Drie gefuseerde omroepen, drie stand alone’s en twee taakomroepen. Zo zou de publieke omroep in de toekomst georganiseerd moeten zijn. De Raad van Bestuur van de Nederlandse Publieke Omroep (NPO) heeft een voorstel voor de nadere invulling van dit 3-3-2-model aan de afzonderlijke omroepen voorgelegd.

Volgens de Raad van Bestuur kan de Nederlandse kijker/luisteraar met dit model het beste worden bediend. Het model gaat uit van drie fusies: de KRO gaat samen met de NCRV, de TROS met de AVRO en de VARA met BNN. EO, Omroep MAX en VPRO blijven op zichzelf en NOS en NTR vervullen zelfstandig hun wettelijke taak.

Voor de aspirant omroepen WNL en Powned bepaalde de minister al dat zij – zodra definitief toegelaten tot het bestel – aansluiting kunnen zoeken bij één van de omroepen die een erkenning heeft verkregen. De zogenoemde 2.42-omroepen zullen ten slotte aangeven bij welke omroep zij zich willen aansluiten. Resultaat is uiteindelijk een bestel dat acht in plaats van de huidige 21 omroepen telt.

Het voorstel dat de Raad van Bestuur nu heeft voorgelegd is tot stand gekomen na uitgebreide gesprekken met de betrokken omroepen en past binnen de eisen die minister Van Bijsterveldt onlangs aan het nieuwe bestel stelde. Voorzitter van de Raad van Bestuur Henk Hagoort: “Het belang van de kijker en luisteraar staat voor ons voorop. Met dit model wordt ‘Hilversum’ eenvoudiger georganiseerd, zodat er meer geld en tijd kan worden besteed aan waar het om gaat: goede programma’s maken voor een breed publiek.”

In het model is een balans gevonden tussen de drie grote, gefuseerde omroepen en de drie die zelfstandig blijven. Ook zijn de (financiële) verhoudingen binnen de groep gefuseerde omroepen en de groep zelfstandige omroepen nader vormgegeven. De drie gefuseerde omroepen richten zich met hun programma’s op alle leeftijden en leefstijlen, vanuit een per omroep samenhangende missie. Voor die brede programmering hebben zij ook substantieel meer budget en uren beschikbaar dan de drie omroepen die een specifieke bijdrage leveren aan het bestel.

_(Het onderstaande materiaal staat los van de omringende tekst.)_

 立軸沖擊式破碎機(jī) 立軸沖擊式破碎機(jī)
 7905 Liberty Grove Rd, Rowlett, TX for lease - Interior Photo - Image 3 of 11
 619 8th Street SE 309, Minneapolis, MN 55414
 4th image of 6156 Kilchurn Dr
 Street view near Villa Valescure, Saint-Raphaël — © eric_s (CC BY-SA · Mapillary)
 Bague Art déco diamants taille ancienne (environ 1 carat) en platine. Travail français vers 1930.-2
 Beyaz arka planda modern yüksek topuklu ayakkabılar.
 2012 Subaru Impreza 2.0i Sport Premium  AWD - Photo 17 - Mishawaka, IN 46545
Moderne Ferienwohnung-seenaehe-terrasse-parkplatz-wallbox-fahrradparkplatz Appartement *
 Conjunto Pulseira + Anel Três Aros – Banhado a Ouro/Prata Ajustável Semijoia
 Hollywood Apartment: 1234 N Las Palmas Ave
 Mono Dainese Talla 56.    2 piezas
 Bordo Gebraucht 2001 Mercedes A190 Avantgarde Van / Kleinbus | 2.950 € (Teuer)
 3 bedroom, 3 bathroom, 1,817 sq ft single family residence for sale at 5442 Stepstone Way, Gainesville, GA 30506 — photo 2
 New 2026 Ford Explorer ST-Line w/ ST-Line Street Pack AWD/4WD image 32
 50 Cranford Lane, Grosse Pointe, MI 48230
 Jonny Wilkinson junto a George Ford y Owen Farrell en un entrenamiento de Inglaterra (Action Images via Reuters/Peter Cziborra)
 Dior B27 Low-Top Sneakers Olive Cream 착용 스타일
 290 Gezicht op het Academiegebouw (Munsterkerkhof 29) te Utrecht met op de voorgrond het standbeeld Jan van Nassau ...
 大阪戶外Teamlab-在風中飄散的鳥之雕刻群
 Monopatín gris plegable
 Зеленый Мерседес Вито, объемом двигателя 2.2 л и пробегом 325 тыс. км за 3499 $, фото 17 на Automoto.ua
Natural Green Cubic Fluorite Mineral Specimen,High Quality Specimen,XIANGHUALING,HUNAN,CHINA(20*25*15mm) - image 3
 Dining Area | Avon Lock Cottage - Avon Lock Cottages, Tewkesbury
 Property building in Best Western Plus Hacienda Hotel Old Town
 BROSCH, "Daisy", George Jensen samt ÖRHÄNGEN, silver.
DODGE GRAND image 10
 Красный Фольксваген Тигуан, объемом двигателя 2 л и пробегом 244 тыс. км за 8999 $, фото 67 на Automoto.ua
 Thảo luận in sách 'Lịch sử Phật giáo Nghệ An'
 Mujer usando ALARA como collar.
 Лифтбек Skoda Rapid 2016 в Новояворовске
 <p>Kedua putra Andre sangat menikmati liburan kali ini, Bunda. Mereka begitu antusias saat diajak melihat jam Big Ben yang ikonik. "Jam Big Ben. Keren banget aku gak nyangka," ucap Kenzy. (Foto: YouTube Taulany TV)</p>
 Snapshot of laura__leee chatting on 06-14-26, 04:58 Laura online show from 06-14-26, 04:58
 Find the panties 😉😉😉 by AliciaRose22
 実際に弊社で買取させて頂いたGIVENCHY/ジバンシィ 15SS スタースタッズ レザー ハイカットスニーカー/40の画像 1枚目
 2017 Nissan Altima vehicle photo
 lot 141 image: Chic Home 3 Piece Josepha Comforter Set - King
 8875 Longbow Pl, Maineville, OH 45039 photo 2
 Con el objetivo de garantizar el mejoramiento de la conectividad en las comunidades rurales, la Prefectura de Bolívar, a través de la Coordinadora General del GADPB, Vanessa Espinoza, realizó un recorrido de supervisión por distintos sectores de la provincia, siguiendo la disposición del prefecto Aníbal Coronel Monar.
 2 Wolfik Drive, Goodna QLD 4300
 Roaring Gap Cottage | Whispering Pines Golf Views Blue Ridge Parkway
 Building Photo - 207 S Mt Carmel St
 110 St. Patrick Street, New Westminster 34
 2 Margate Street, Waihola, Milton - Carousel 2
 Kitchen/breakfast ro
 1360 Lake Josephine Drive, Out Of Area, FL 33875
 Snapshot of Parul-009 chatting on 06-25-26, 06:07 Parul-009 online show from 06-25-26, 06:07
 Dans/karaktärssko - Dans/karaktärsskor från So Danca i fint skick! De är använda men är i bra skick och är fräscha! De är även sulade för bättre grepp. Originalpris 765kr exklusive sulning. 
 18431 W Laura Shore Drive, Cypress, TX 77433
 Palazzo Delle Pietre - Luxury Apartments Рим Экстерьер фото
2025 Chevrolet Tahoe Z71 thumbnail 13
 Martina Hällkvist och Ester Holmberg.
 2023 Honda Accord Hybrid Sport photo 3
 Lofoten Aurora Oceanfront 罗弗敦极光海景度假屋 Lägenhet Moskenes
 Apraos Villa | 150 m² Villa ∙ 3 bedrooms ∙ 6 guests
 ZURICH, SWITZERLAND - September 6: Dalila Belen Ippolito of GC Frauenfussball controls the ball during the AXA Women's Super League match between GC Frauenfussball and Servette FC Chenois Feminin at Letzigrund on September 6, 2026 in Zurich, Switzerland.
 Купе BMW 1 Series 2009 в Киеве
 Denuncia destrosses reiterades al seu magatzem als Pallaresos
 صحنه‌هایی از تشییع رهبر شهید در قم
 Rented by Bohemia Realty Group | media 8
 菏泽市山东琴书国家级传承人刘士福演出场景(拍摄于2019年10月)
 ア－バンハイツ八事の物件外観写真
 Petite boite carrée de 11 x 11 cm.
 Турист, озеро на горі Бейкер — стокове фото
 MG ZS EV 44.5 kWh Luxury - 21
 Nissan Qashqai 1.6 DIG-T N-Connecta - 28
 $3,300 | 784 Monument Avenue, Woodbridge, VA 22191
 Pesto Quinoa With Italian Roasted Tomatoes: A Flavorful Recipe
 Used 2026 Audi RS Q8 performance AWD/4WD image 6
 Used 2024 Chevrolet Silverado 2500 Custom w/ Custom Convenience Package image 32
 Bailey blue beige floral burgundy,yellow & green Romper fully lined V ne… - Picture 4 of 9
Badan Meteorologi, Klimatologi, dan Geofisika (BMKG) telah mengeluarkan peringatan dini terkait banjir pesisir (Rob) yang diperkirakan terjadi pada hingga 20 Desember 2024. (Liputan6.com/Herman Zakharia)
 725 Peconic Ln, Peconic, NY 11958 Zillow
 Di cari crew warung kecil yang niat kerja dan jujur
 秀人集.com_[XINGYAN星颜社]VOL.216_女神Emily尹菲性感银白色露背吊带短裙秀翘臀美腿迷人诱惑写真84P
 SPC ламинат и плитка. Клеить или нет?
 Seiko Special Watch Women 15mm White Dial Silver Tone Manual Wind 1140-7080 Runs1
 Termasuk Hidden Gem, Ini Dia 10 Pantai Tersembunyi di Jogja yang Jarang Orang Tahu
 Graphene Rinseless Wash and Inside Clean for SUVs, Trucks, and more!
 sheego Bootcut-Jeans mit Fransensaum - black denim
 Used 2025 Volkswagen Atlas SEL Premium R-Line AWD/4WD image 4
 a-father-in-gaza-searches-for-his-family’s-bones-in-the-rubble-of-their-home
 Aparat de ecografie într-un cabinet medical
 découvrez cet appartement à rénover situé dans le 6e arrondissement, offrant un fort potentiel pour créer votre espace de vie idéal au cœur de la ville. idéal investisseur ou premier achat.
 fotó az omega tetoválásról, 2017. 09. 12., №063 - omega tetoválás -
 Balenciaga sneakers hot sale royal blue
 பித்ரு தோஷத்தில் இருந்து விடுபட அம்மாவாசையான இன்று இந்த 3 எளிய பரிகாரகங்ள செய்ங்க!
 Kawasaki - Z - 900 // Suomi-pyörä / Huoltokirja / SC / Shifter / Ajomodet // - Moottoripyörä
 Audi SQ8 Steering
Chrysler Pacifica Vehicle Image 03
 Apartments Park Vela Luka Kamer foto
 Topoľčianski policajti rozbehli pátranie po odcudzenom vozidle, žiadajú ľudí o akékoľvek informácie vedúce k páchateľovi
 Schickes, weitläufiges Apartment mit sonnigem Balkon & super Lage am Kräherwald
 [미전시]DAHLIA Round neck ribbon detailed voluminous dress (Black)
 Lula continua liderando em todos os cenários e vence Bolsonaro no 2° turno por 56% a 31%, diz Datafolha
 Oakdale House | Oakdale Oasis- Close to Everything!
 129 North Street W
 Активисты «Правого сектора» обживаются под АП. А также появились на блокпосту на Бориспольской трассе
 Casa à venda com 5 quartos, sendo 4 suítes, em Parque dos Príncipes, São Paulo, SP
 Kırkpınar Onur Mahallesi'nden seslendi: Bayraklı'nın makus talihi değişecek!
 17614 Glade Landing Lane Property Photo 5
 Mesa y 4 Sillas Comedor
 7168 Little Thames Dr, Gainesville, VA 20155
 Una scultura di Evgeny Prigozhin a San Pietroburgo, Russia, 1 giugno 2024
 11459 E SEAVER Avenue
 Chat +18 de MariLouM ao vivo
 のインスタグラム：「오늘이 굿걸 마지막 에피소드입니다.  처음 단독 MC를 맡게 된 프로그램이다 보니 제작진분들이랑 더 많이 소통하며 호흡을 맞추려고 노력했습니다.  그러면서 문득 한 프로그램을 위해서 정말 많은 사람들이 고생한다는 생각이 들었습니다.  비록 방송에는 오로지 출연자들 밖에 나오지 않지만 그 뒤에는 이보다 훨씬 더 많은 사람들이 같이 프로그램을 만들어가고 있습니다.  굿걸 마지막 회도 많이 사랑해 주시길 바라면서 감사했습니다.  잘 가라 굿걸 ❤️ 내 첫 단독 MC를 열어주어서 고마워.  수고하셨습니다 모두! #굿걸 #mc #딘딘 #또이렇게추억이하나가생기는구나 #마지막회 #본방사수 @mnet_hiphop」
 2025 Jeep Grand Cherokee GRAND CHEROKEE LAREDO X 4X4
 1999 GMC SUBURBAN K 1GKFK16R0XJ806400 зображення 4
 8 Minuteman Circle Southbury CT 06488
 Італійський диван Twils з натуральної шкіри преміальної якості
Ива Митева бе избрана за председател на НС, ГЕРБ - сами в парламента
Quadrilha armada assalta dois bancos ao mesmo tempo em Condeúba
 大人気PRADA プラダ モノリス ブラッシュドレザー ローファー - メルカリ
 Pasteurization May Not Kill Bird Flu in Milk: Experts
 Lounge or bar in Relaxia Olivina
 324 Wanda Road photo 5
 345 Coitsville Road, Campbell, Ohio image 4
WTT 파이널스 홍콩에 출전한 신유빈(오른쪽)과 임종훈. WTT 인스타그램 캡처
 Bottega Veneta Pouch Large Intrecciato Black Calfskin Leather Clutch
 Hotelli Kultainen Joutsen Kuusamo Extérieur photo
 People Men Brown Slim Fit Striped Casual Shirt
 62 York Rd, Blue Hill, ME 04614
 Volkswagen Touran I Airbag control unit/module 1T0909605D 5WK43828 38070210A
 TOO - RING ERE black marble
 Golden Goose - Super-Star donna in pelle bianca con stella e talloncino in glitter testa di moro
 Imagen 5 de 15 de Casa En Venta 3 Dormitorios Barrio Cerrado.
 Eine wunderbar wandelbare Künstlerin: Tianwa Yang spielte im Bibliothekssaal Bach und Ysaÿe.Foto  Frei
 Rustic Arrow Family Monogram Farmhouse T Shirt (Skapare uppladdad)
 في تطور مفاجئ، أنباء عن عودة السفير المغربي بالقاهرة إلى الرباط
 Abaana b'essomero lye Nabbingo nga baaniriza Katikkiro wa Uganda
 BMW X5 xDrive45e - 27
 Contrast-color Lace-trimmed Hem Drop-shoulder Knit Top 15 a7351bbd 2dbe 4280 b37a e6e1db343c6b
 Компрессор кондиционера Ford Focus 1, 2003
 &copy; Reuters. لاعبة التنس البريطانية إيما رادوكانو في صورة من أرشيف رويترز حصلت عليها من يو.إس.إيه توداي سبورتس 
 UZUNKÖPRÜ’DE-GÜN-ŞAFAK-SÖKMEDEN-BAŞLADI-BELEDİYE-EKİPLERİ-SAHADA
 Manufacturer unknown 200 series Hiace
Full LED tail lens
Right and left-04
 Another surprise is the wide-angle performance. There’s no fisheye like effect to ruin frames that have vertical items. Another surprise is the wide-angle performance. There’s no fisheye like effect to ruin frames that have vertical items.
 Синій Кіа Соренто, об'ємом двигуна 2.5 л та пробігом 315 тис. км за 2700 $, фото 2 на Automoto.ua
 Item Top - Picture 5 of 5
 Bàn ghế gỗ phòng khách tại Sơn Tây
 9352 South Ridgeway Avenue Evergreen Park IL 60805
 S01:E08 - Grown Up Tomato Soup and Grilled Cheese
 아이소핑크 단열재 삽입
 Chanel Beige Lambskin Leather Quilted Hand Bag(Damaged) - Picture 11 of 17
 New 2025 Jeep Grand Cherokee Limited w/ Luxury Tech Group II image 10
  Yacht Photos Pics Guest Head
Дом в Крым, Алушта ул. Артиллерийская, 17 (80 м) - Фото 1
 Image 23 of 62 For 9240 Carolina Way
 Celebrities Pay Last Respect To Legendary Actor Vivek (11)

Het voorstel gaat er van uit dat de omroepen afspreken terughoudend te zijn in hun ledenwerving; wordt er te veel geld in ledenjacht gestoken, dan is er minder beschikbaar voor het maken van programma’s. Daarom zouden omroepen een plafond voor dergelijke uitgaven moeten overeenkomen. Hagoort: “Het is duidelijk dat deze hervorming van het bestel veel vraagt van de omroepen. Zij zullen dit model nu voorleggen aan hun Raden van Toezicht en ledenvergaderingen. Maar ik hoop dat iedereen beseft dat vrijwillige fusies zorgen voor een duurzaam bestel, dat het hele Nederlandse publiek het beste bedient.”

Als alle partijen definitief akkoord gaan, krijgt de minister deze maand een door allen gedragen voorstel. Het is vervolgens de bedoeling de erkenningsaanvragen in 2014 in te dienen, zodat het nieuwe model vanaf 2016 – de nieuwe erkenningsperiode start dat jaar– kan worden ingevoerd.